Ainsi pouvons nous dire que si vivre, c’est désirer, ne plus désirer, c’est ne plus vivre. Le désir est humain. Il est même l’essence de l’homme explique Spinoza dans Ethique : "Le désir est l'essence même de l'homme, en tant qu'elle est conçue comme déterminée, par une quelconque affection d'elle-même, à faire quelque chose ». La violence du désir qui peut être excessif peut inquiéter, mais une morale qui chercherait à supprimer le désir, même le plus démesuré ressemble à une sorte de suicide. Si vivre c’est désirer, cesser de désirer c’est en quelque sorte mourir. Nier le désir, ce serait en même temps nier notre affirmation, notre volonté d'être. Il est même impossible de vouloir supprimer le désir. Ce serait être confronté avec une contradiction insoluble : désirer ne pas avoir de désir !
Nous n’éprouvons pas de difficulté à justifier notre perpétuelle quête de satisfaction dans nos désirs. Seulement, il y a ceux qui osent désirer et ceux qui n'y parviennent pas et n'ont d'autre solution que de se restreindre. Pensé sous la forme d’une alternative, cela revient à distinguer les « forts » qui satisfont leurs désirs et les « faibles » qui sont incapables de les satisfaire. La répression du désir paraît tellement contre-nature qu’elle ne peut-être que le fait d’un esprit faible. Il faut être timoré, timide, contraint, inhibé pour avoir ainsi tellement peur de ses désirs qu’on ne trouve d’échappatoire que dans l’abstention et l’ascétisme. Le faible renie ses désirs et adopte une conduite d’impuissance qui le voue au ressentiment et à l’insatisfaction. Le fort libère ses désirs, leur donne libre cours et les mène à la satisfaction. C’est en ce sens que Balzac présente dans sa Comédie humaine l’homme de génie : " Il désirait comme un poète imagine, comme un savant calcule, comme un peintre crayonne, comme un musicien formule des mélodies... Il s’élançait avec une violence inouïe, et par la pensée, vers la chose souhaitée, il dévorait le temps. En rêvant l’accomplissement de ses projets, il supprimait toujours les moyens d’exécution". Le cinéma et la littérature contemporaine célèbrent cette fébrilité, cette exaltation du désir. Désirer, pour nous autres, hommes de la « postmodernité », implique vivre pleinement ses désirs, c’est être déjà là où on le désire, être ce que l’on a désiré et rien d‘autre. Chez Balzac, c’est faire coïncider la volonté, le désir et le monde. Le désir est l’ardeur de l’âme forte, c’est la substance même du héros. De ce héros du désir, Balzac écrit : " Dès son enfance, il avait manifesté la plus grande ardeur en toutes choses. Chez lui, le désir devient une force supérieure et le modèle de tout l’être ". Celui là qui manque d’ardeur à coup sûr est encore faible. Celui qui jouit avec volupté de sa propre puissance est fort et conquérant. Renoncer à ses désirs serait donc une entrave à mon bonheur.
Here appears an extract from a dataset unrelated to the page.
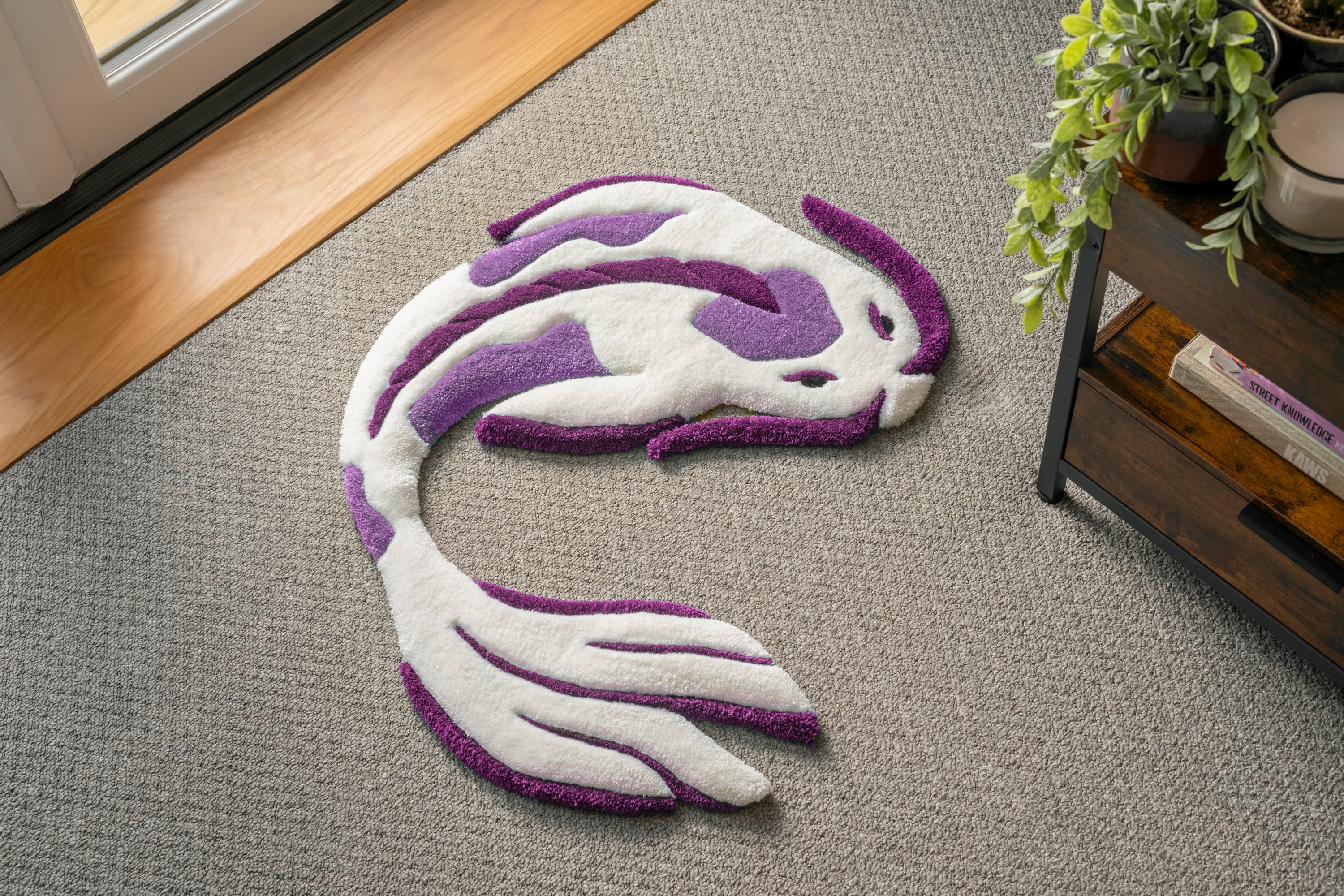 Handmade white and purple koi fish rug with flowing Japanese-inspired design and soft low-pile tufted texture.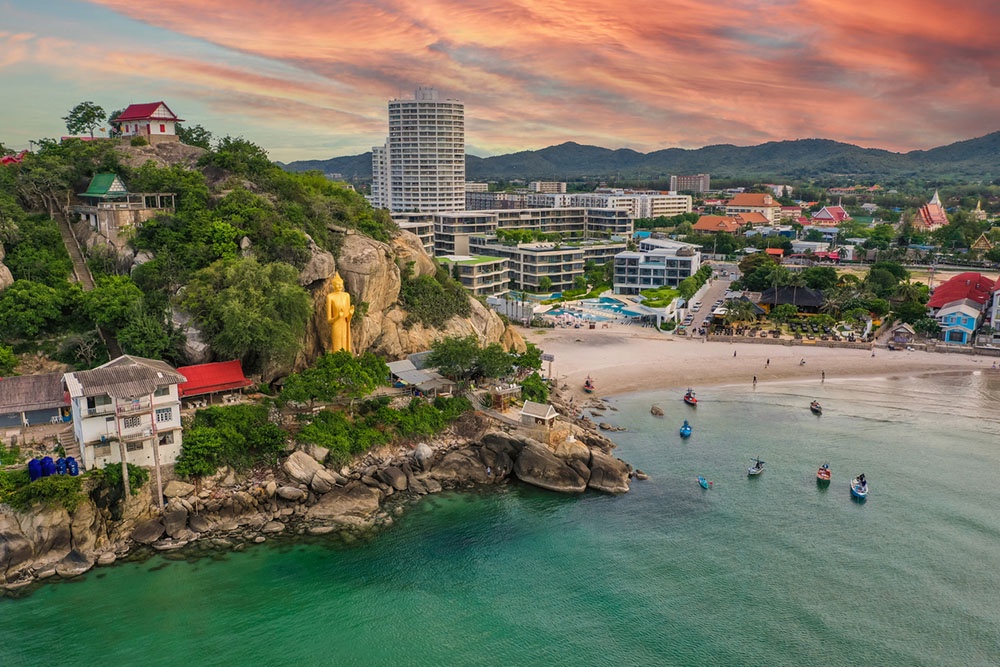 Холм в Хуа Хин, Таиланд. Живописный вид на храм на вершине холма, песчаный пляж и бирюзовые воды залива.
Platon dans le Gorgias fait affronter Socrate et Calliclès dans un débat sur la démesure. Calliclès défend la thèse du bienfait de l’excès et du laisser-aller à ses désirs : " Voici ce qui est beau et juste suivant la nature je te le dis en toute franchise, c’est que, pour bien vivre, il faut laisser prendre à ses passions tout l’accroissement possible, au lieu de les réprimer, et, quand elles ont atteint toute leur force, être capable de leur donner satisfaction par son courage et son intelligence et de remplir tous les désirs à mesure qu’ils éclosent ". Pour lui, laisser court à ses désirs consiste donc à ne pas se soumettre à la raison, le propre de l'homme, justifiée par le cosmos (le « bien arrangé ») et les mathématiques, qui en sont la traduction. Calliclès semble annoncer les « âmes fortes » démarquées du troupeau humain, les êtres exceptionnels dont l'éclat ou la cruauté rencontre la démesure du monde. Ainsi, comment pourrions-nous reconnaître " cette prétendue beauté de la justice et de la tempérance ", quand, dans notre for intérieur nous pensons : je veux faire ce que je veux, et surtout ne rendre de compte à personne. C’est en ce sens que l’on peut dire que renoncer à mes envies serait me frustrer. Ainsi, m’empêcher d’éclater mes souhaits au nom de la morale, reviendrait à me restreindre et à m’imposer des limites et donc à m’éloigner du bonheur.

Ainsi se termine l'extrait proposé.